Context acquisition methods determine the performance ceiling: Direct prompting is clearly insufficient for repo-level questions. RAG provides stable improvements, and agents like OpenHands/SWE-agent offer further gains with strong models.
What and Where questions are harder as they require the model to accurately pinpoint implementation locations and reconstruct architectural relationships/data flows rather than providing general explanations.
Agents come at a high cost: OpenHands averages approximately 87,045 input tokens and 1,930 output tokens per question, with SWE-agent even higher, indicating that performance gains carry significant overhead.
Large, complex repositories like Pylint are significantly harder, while smaller repositories like Flask or Requests yield higher scores, showing that repository scale and architectural complexity directly impact QA difficulty.

Highlights & Insights¶

The greatest strength of this paper is reifying "repository-level understanding" into an evaluatable data structure rather than leaving it as a slogan. Inducing question types from issues proves that real developer queries are not just API lookups but involve massive cross-file localization, design rationale, and system behavior explanations.
The statistics are compelling: an average question involves 3.19 files and 8.71 functions, with 77.6% requiring cross-file information. these numbers prove that SWE-QA is in a completely different difficulty tier compared to traditional snippet-level Code QA.
The comparison between RAG and agents is practical. The results show that even a model like GPT-5.1 direct scores only 61.41, requiring retrieval and tool execution to reach 70+, which is instructive for the design of code assistant systems.
This benchmark can be migrated to tasks like internal project doc QA, configuration understanding, and test failure explanation: by first inducing templates from internal tickets/issues and then constructing organizational evaluation sets via structural parsing and human validation.

Limitations & Future Work¶

It currently only covers Python repositories, primarily from SWE-Bench / SWE-Bench-Live; languages, engineering stacks, and ecosystems remain limited. Build systems and dependencies in Java, TypeScript, or C++ will present different challenges.
The QA pair count is 720. While high quality, it is small in scale. Larger, continuously updated datasets would be needed for training or fine-tuning repo-level QA models.
Automated evaluation relies on LLM-as-Judge. Despite human validation, fine-grained factual errors in complex code answers may still be missed by the judge.
Answers are primarily in natural language. The benchmark does not yet require models to execute tests, run static analysis, or provide verifiable patches; future work could combine QA with repository manipulation tasks.

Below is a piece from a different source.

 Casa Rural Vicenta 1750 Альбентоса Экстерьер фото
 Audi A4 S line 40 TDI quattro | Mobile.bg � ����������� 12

vs CoSQA / CodeQA: These datasets focus on snippet retrieval or function-level QA. SWE-QA explicitly examines repo-level, multi-hop, and cross-file reasoning, with a difficulty level closer to real software maintenance.
vs CodeRepoQA / CoreQA: These works have entered the repository level, but SWE-QA emphasizes the combination of question taxonomy, module-level information, multi-hop reasoning, and human verification, offering a more complete evaluation.
vs SWE-Bench: SWE-Bench focuses on issue resolution and patch generation, while SWE-QA focuses on repository understanding. They are complementary: one tests "can it fix it," the other tests "does it understand the system."
Insights for Code Assistants: Simply retrieving function blocks via embedding is insufficient. Robust assistants require structural indexing, cross-file dependency tracking, and iterative tool invocation; otherwise, they struggle with real-world Why / Where questions.

Rating¶

Novelty: ⭐⭐⭐⭐☆ Inducing repository-level QA taxonomy from real issues is solid; the benchmark design is much closer to software engineering than standard Code QA.
Experimental Thoroughness: ⭐⭐⭐⭐☆ Covers 6 LLMs, 5 types of context enhancement, commercial tools, and extensive analysis, though lacks more languages and dynamic execution setups.
Writing Quality: ⭐⭐⭐⭐☆ Pipeline, statistics, and evaluation dimensions are clearly explained, and tables are information-dense.
Value: ⭐⭐⭐⭐⭐ Highly valuable for code assistants, repo-level RAG, and SE agents; provides a directly reusable evaluation benchmark.